March 24, 2016
NEW YORK – Philip Hanson’s recent solo exhibition at James Cohan Gallery, New York reviewed by Ken Johnson on New York Times.
In funky, hallucinatory paintings by the Chicago artist Philip Hanson, at James Cohan, lines by Shakespeare, William Blake and Emily Dickinson appear as if seen in the fever dreams of a dying literature professor. Mr. Hanson came of age in the 1960s in the company of Jim Nutt, Roger Brown and other Chicago Imagists, and he was included in the 2014 Whitney Biennial. With his new works, he is creating soul-stirring synergies of the visual and the verbal.
Painting with viscous oils on rectangular and diamond-shaped canvases, Mr. Hanson constructs florid, heraldic compositions traversed by grids, serpentine lines and curved and flat bands. They appear to be lit from behind, like stained-glass windows.

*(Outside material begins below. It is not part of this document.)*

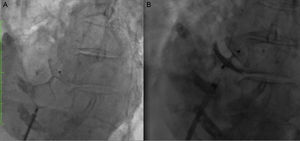 Cine-fluoroscopy of percutaneous patent foramen ovale (PFO) closure: (A) device delivery; (B) absence of contrast flow through the septum after PFO closure.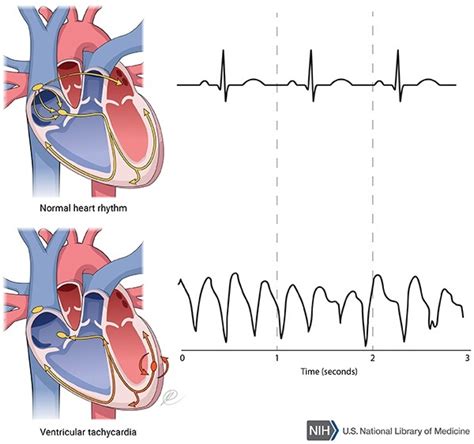 Catecholaminergic polymorphic ventricular tachycardia: MedlinePlus Genetics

Within the works arise phrases like “What fortitude the Soul contains,” from Dickinson, and “O Rose thou art sick,” by Blake. (The show’s title, “It Is Too Difficult a Grace,” also borrows from Dickinson.) Positioned against luminous and darkly shadowed backgrounds, each phrase is spelled out more or less legibly in vividly colored letters of different sizes on scrolling ribbons, embedded in flurries of abstract gestures and in other forms. Because most of the paintings are symmetrically composed, they resemble Indian mandalas designed to encourage centered meditation on eternal objects and ideas.
Mr. Hanson’s style also has a trippy goofiness to it, a cartoonish intensity that recalls psychedelic comics and posters of the 1960s. These are pictures of a transcendentally intoxicated mind.